The first light sources used in PDT were noncoherent light sources (e.g., conventional arc lamps). Noncoherent light sources are safer, easy to use, and less expensive. They can produce spectra of wavelengths to accommodate various photosensitizers. They can be used in conjunction with optical filers to output selective wavelength(s). The disadvantages of conventional lamps include significant thermal effect, low light intensity, and difficulty in controlling light dose. However, nowadays, most of these drawbacks can be overcome by a careful engineering design. For instance, the BLU-U light illuminator (DUSA Pharmaceuticals, Inc.), an illumination system for ALA-PDT of actinic keratosis (AK) of the face and scalp is a fairly simple timer-controlled switch on-off unit. The LumaCareTM lamp (MBG Technologies), a compact portable fiber optic delivery system provides interchangeable fiber optic probes containing a series of lenses and optical filters. It can generate light of specific bandwidth between 350-800 nm in a variable power for a broad range of photosensitizers. Light emitting diode (LED) is another emerging PDT light applicator. LED can generate high energy light of desired wavelengths and can be assembled in a range of geometries and sizes. For intra-operative PDT of brain tumor, LED-probe may be arranged in a cylinder tip to fit into a balloon catheter (18), whereas, for minimally invasive interstitial PDT, the small and flexible light delivery LED catheter can be implanted into the tumor percutaneously (19, 20). Large LED array may be more suitable for flat surface illumination of wide-area superficial lesion (21, 22).
However, the most commonly used PDT light sources are lasers. They produce high energy monochromatic light of a specific wavelength with a narrow bandwidth for a specific photosensitizer. The laser light can be focused, passed down an optical fiber and directly delivered to the target site through a specially designed illuminator tip, for example a microlens or a cylindrical or spherical diffuser. Argon dye, potassium-titanyl-phosphate (KTP) dye, metal vapor lasers, and most recently diode lasers have been used for clinical PDT around the world. The KTP-dye modular combination system (Laserscope PDT Dye Module) was the most widely used PDT laser prior to the approval of the portable, light-weight, and less expensive diode lasers (e.g., DIOMED 630 PDT; Diomed Inc.). One preferred advantage of the diode laser is that it can be engineered into a multi-channel unit to meet a highly sophisticated PDT procedure, which may require multi-channel diode lasers and each independent light output channel to simultaneously provide the light sources of variable power (e.g., Ceralas PDT 762 nm; CeramOptec GmbH of Biolitec AG).
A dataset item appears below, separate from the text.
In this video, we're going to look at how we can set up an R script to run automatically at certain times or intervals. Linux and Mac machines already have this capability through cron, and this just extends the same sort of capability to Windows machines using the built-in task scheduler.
Several types of skin conditions are among the first to be studied due to their accessibility to photosensitizer and external light. Dougherty's group pioneered skin cancer PDT in the 1970s using HpD and red light from a xenon arc lamp in patients who suffered primary or secondary skin cancers. This early study demonstrated that the primary skin cancers that showed a complete response (CR) included squamous cell carcinomas (SCCs, 20%), basal cell carcinomas (BCCs, 70-80%) and malignant melanomas (50%), and the secondary cancers originated from primary breast cancer, colon cancer, and endometrium cancer (80%) (5). Interstitial PDT might be an option for subcutaneous and cutaneous tumors of a larger volume (23).
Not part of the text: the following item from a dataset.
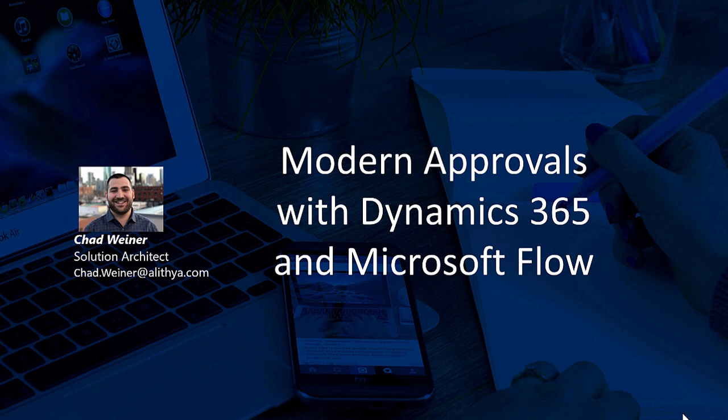Hi, my name is Chad Weiner and I'm a solution architect at Alithia Fullscope. In this video, we'll be covering modern approvals with Dynamics 365 and Microsoft Flow.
Since the discovery of endogenous protoporphyrin IX (PpIX) photosensitization induced by exogenous administration of ALA (24) skin premalignant and malignant lesions also become a favorite target of ALA-PDT with the exception of the pigmented malignant melanomas due to a limited light penetration. AK, a premalignant lesion became the first approved dermatologic indication of PDT. Early multicenter clinical studies showed that a combination of Levulan and blue light resulted in 63-69% CR and approximately 5-fold higher than the control. With one or two treatments, 88% of patients had over 2/3 of lesions cleared. The long-term follow-up also showed ALA-PDT to be beneficial with a projected disease-free rate of 71% (25, 26). These studies demonstrated ALA-PDT to be effective, safe, and well tolerated by patients, and led to the US FDA approval in 2000 which marked another historic event for PDT. Recently, MLA-PDT has also been approved for AK in several countries. ALA-PDT was also approved for moderate inflammatory acne vulgaris in US in 2003. A number of other non-malignant conditions (e.g., psoriasis, viral warts, and hair removal) are currently under clinical investigation world-wide (27-30). Clinical investigational studies of ALA-PDT have also extended to BCCs, basaloid follicular hamartomas, SCC in situ (Bowen's disease), cutaneous T-cell lymphoma, and sebaceous gland hyperplasia in recent years (31-38). PDT may be a promising treatment modality for both Mediterranean and HIV-related Kaposi's sarcomas since it can be repeated and will not cause immunosuppression (39). SnET2 (Miravant Medical Technologies, formerly PDT Inc.) was also underwent clinical trials for the potential treatment of basal cell carcinoma and HIV-related Kaposi's sarcoma in the late 1990s. But some of these studies have been discontinued because of business considerations (40).
Photofrin-PDT has also been used off-label to treat locally recurrent breast carcinoma on the chest wall. Such recurrence occurs in 5-20% of breast cancer patients. Several reports suggest that PDT can offer 14-73% complete response and 14-45% partial response, but the duration of response was variable (6 weeks- 8 months) (41-43). It is expected that the photosensitizer acting at longer wavelengths could achieve deeper tissue penetration and thereby greatly expand the patient population for which this modality is useful.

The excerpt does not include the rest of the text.